Умолчание в показаниях Данзаса в Следственной Комиссии и в рассказах современников о посещении Данзасом дома Пушкина и утверждение факта нечаянной встречи с Данзасом на улице объясняется, по нашему мнению, следующими соображениями. Данзасу предстоял ответ по суду за участие в дуэли. По закону секунданты «при зачатии драк должны были приятельски искать помирить ссорящихся и ежели того не могут учинить, то немедленно по караулам послать и о таком деле объявить». При том объяснении, которое дал Данзас, ясно было, что Данзас, ежели бы и хотел, то не мог ни отказаться от участия в дуэли, ни помешать ей. Таким образом его вина в значительной степени смягчалась таким объяснением. Да и в объяснениях самого Данзаса, наряду с утверждением о случайности встречи с Пушкиным на улице, проскальзывает и заявление о том, что Пушкин остановил свой выбор (именно выбор!) не случайно на Данзасе: «Я не иначе могу пояснить намерения покойного, как тем, что, по известному мне и всем знавшим его коротко высокому благородству души его, он не хотел вовлечь в ответственность по своему собственному делу никого из соотечественников; и только тогда, когда вынужден был к тому противниками, он решился наконец искать меня, как товарища и друга с детства, на самоотвержение которого он имел более права щитать».

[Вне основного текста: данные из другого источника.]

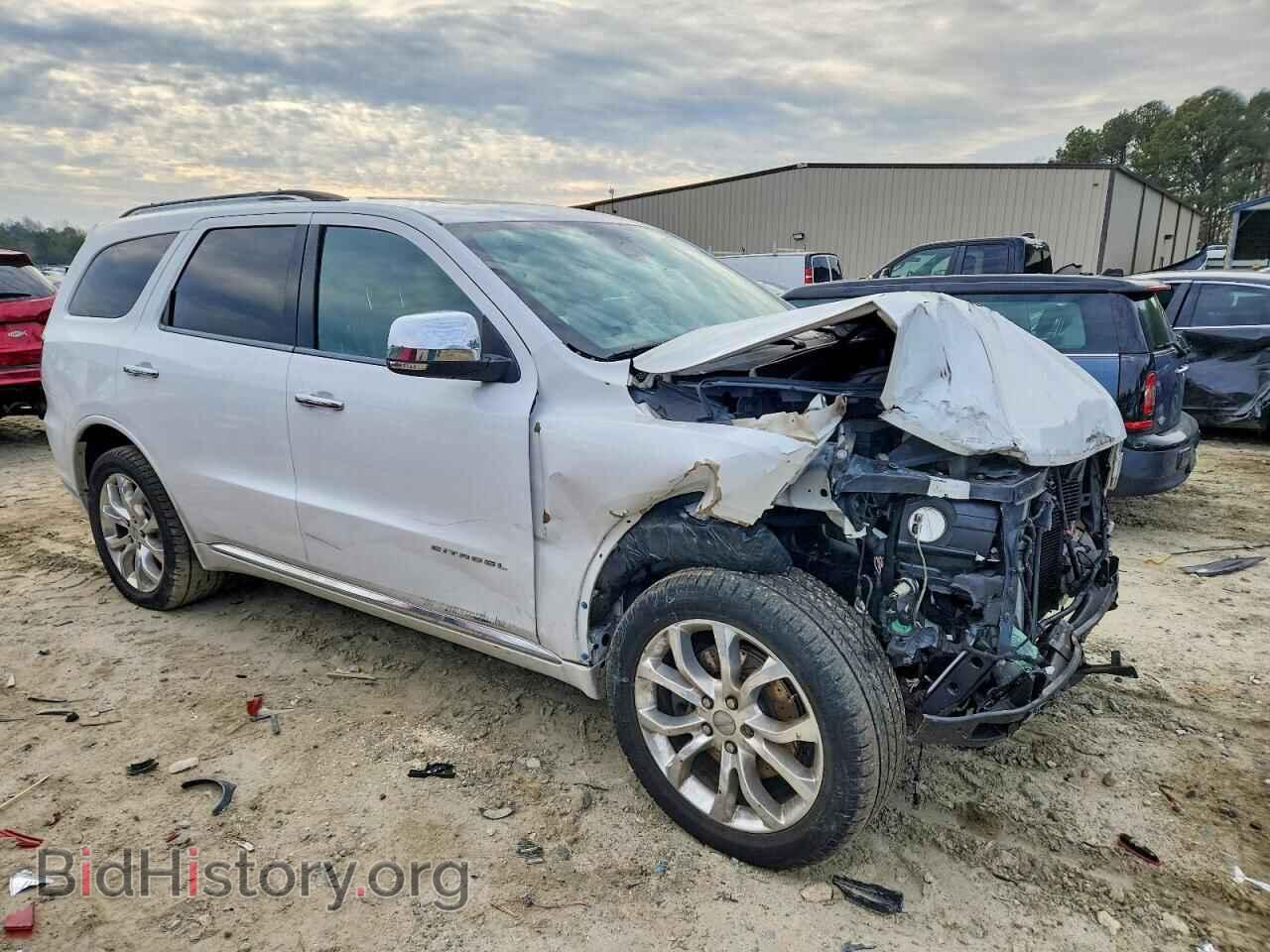2016 DODGE DURANGO - VIN: 1C4RDJEG1GC424805 - Фото 4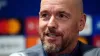 Manchester United manager Erik ten Hag has dismissed recent criticism of his team (Nick Potts/PA)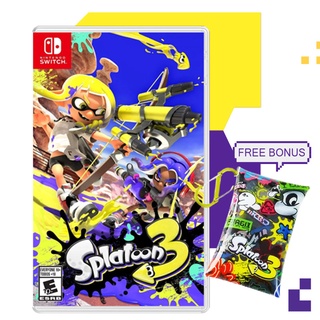 [+..••] พร้อมส่ง ผ่อน 0% | NSW SPLATOON 3 (เกม Nintendo Switch™ 🎮 )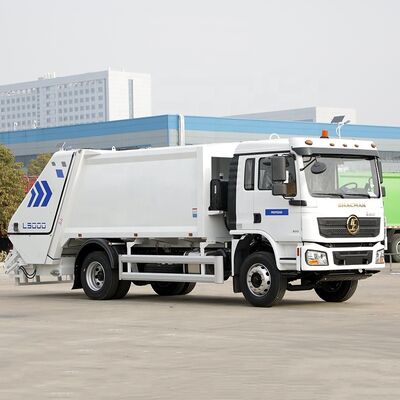 comprar 14cbm 6 rodas compactador caminhão de lixo carregamento traseiro compressão caminhão de lixo online manufacture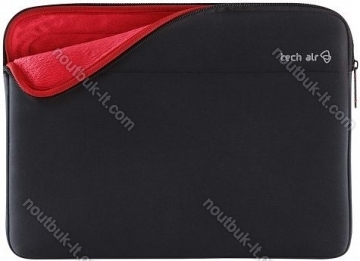 Ultron Techair 11.6" neoprene Plus sleeve black/red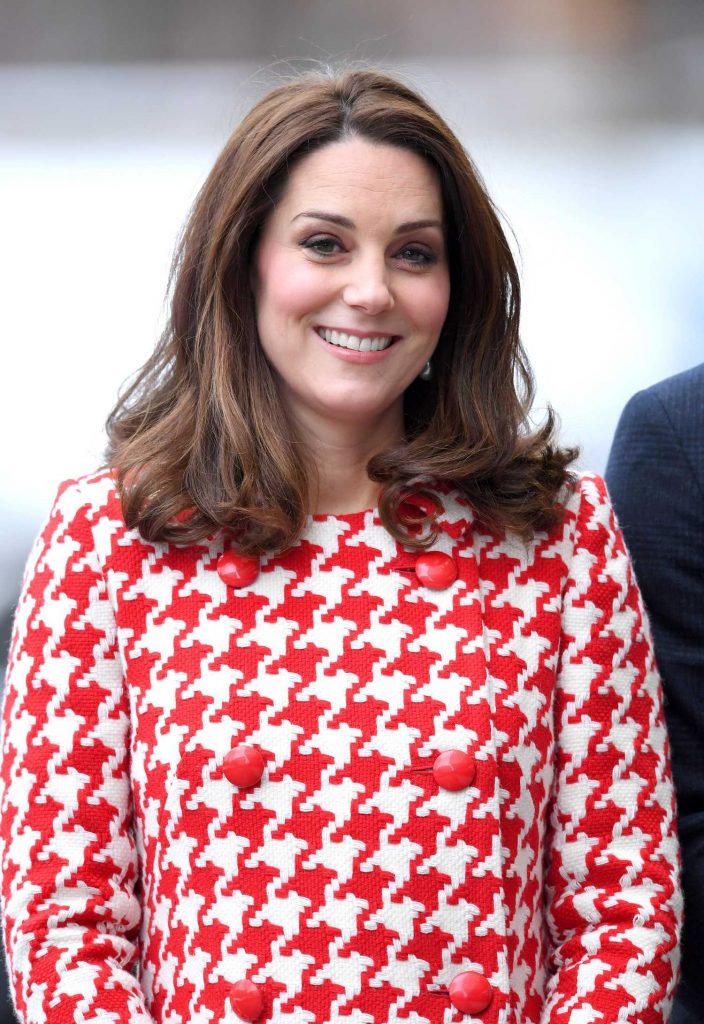 Kate Middleton Visits Matteusskolan School in Stockholm-5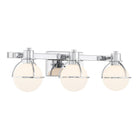 Savoy House - 8-1060-3-11 - Three Light Bathroom Vanity - Pierce - Chrome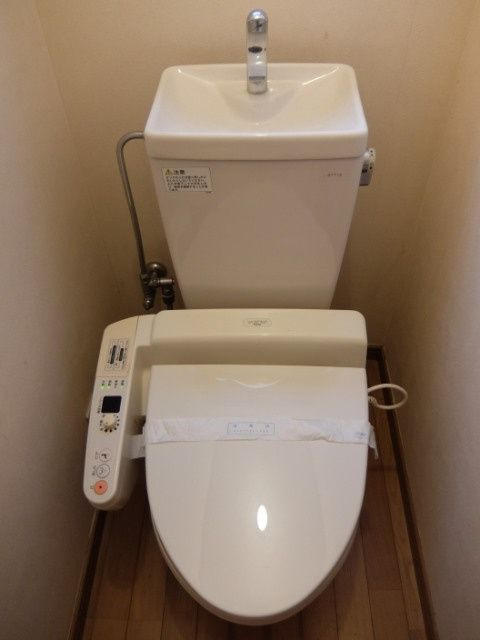 メゾンドロームのトイレ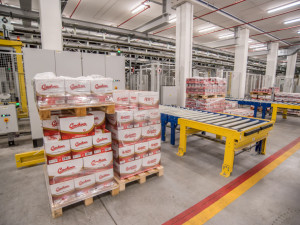 Slavnostní otevření nového logistického ventra Budějovického Budvaru.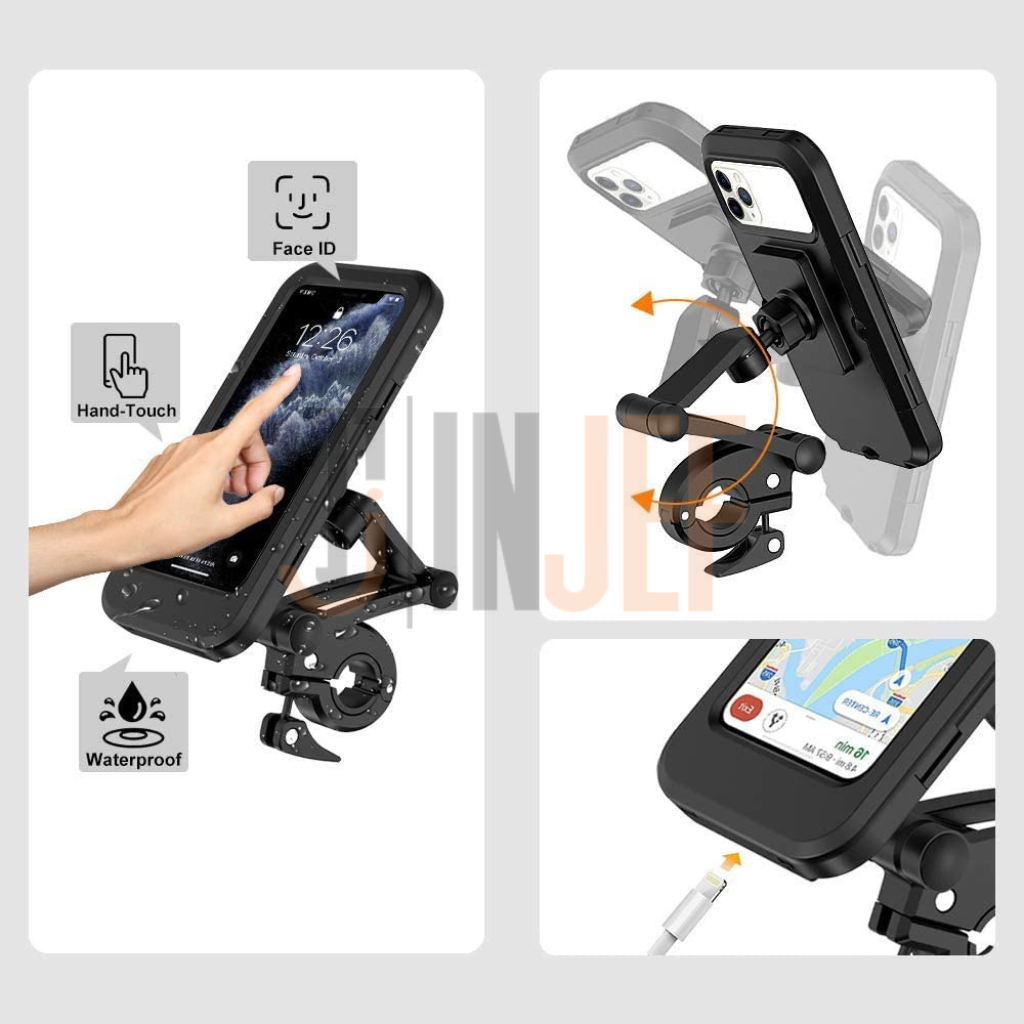 Soporte De Celular Para Moto Impermeable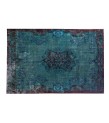 8x10 Feet. Turkish Hand Knotted Antique Rug , Two Colors Vitage Rug , Luxury Deco Rug , Madallion PAttern Rug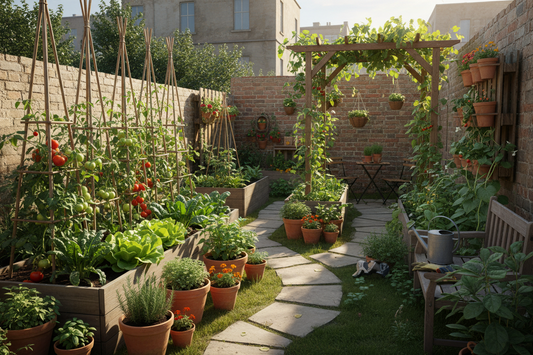 Discover How to Design a Productive Vegetable Garden in Your Small Backyard Space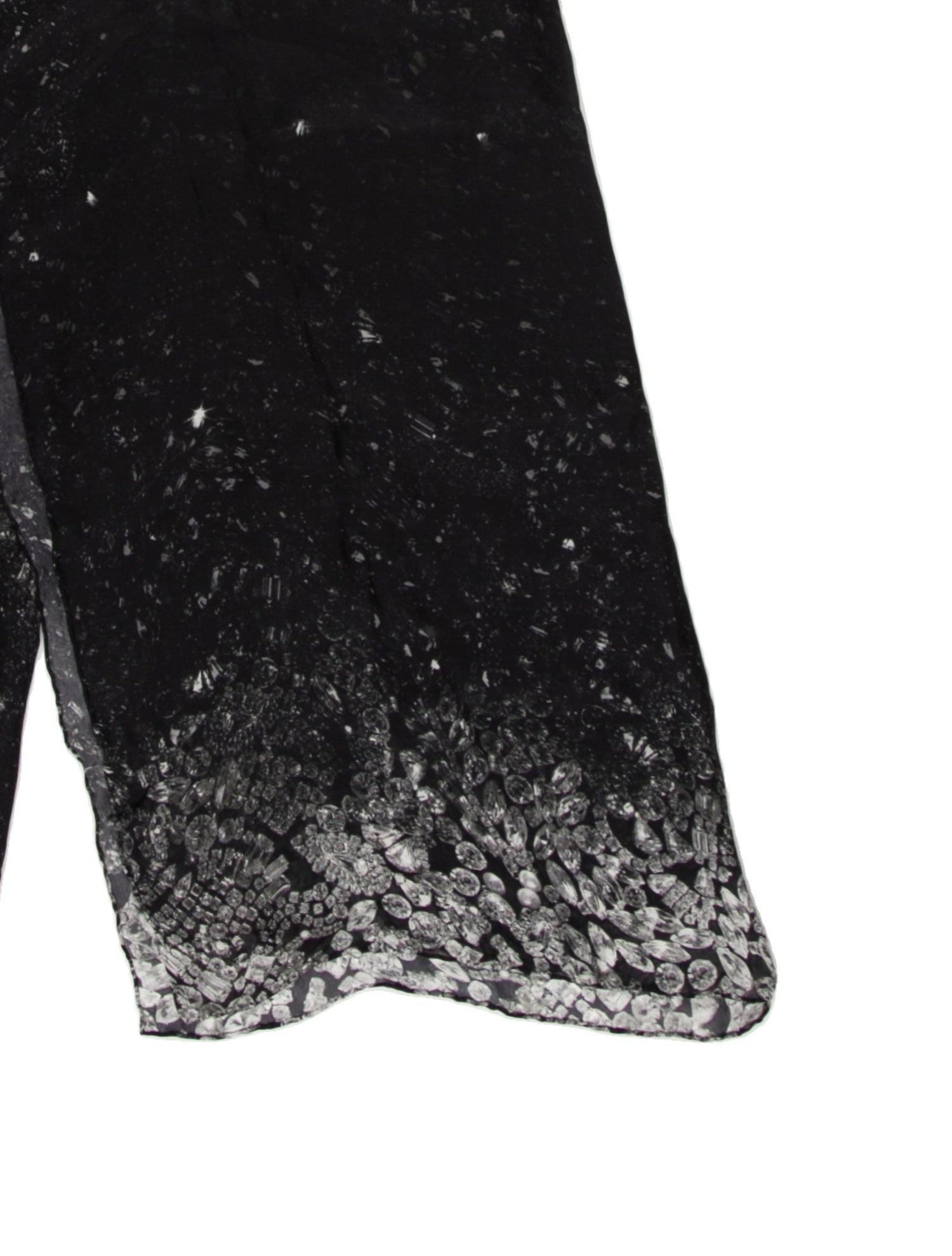 Lanvin Cashmere Printed Scarf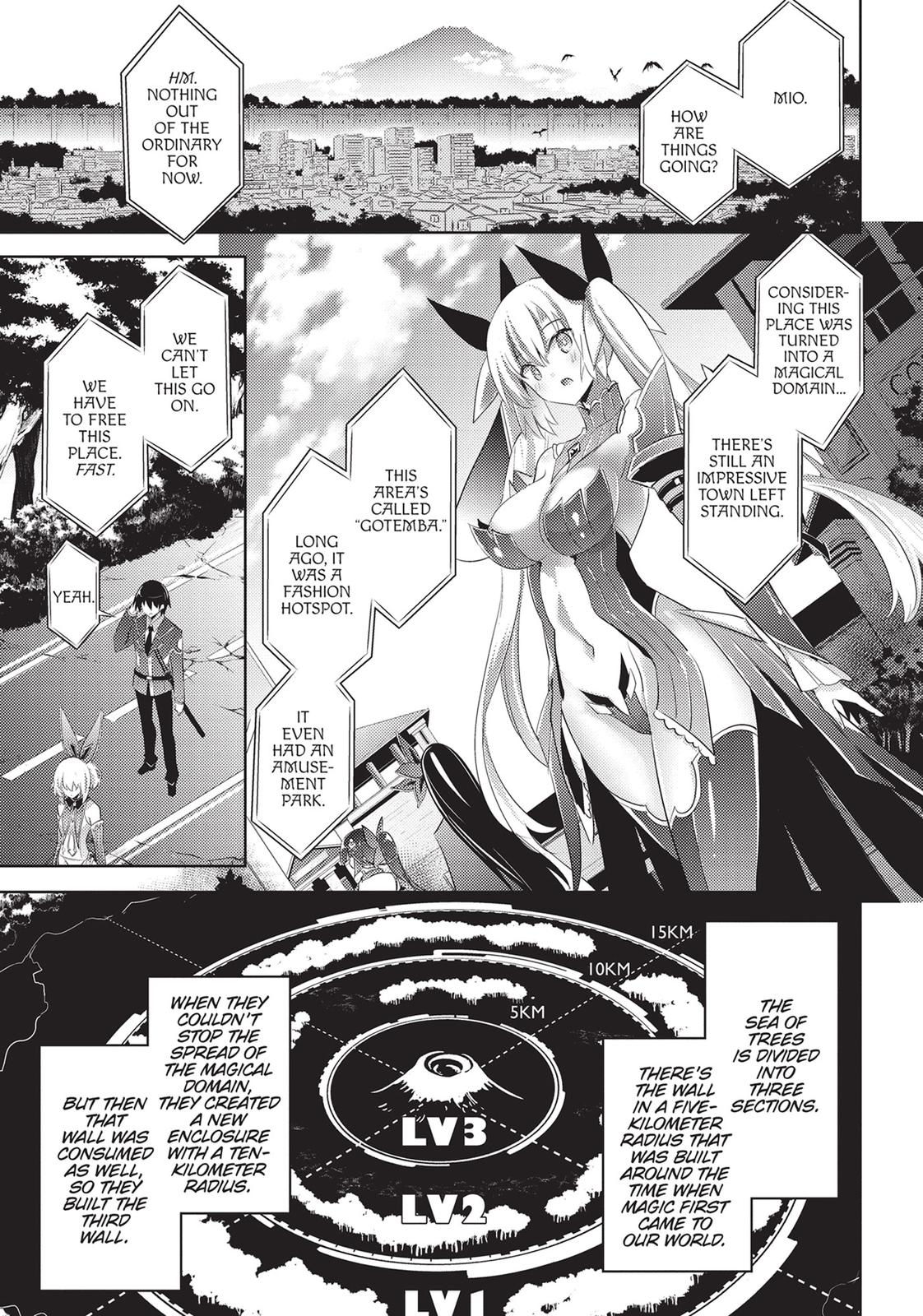 Magika no Kenshi to Shoukan Maou Chapter 81 page 1 - Chapter 81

Среди размышлений о дуэли Пушкин вспомнил об А. О. Ишимовой, составительнице «Русской истории в рассказах для детей». Он хотел привлечь ее к работе для «Современника» и заказать ей перевод из любимого им Барри Корнуэля. 22 января он заходил к ней поговорить об этой работе, но не застал ее, а 26 января получил от нее приглашение побывать у ней 27 января: «Если для Вас все равно, в которую сторону направить прогулку Вашу завтра, то сделайте одолжение, зайдите ко мне», — писала ему А. О. Ишимова. Она слышала от знакомых Пушкина, что он обыкновенно по окончании утренних трудов, часу в четвертом, всегда прогуливался. Но 27 января Пушкину было не до обычной прогулки. Потому ли, что Пушкин вспомнил о письме и приглашении Ишимовой, или потому, что попалась на глаза книга Ишимовой, но мысли об Ишимовой пришли ему в голову. Он развернул книгу Ишимовой и зачитался. А затем он разыскал том Барри Корнуэля и отправил его к Ишимовой с письмом следующего содержания: «Крайне жалею, что мне невозможно будет сегодня явиться на Ваше приглашение. Покамест, честь имею препроводить к Вам Barry Kornwall — Вы найдете в конце книги пьесы, отмеченные карандашом, переведите их как умеете — уверяю Вас, что переведете, как нельзя лучше. Сегодня я нечаянно открыл Вашу историю в рассказах, и поневоле зачитался. Вот как надобно писать!»

Пушкин, в роковой день дуэли зачитавшийся «Историей России в рассказах для детей», — вот подлинная пушкинская маска, приковывающая наше внимание и неустранимая из рассказа о последней дуэли Пушкина.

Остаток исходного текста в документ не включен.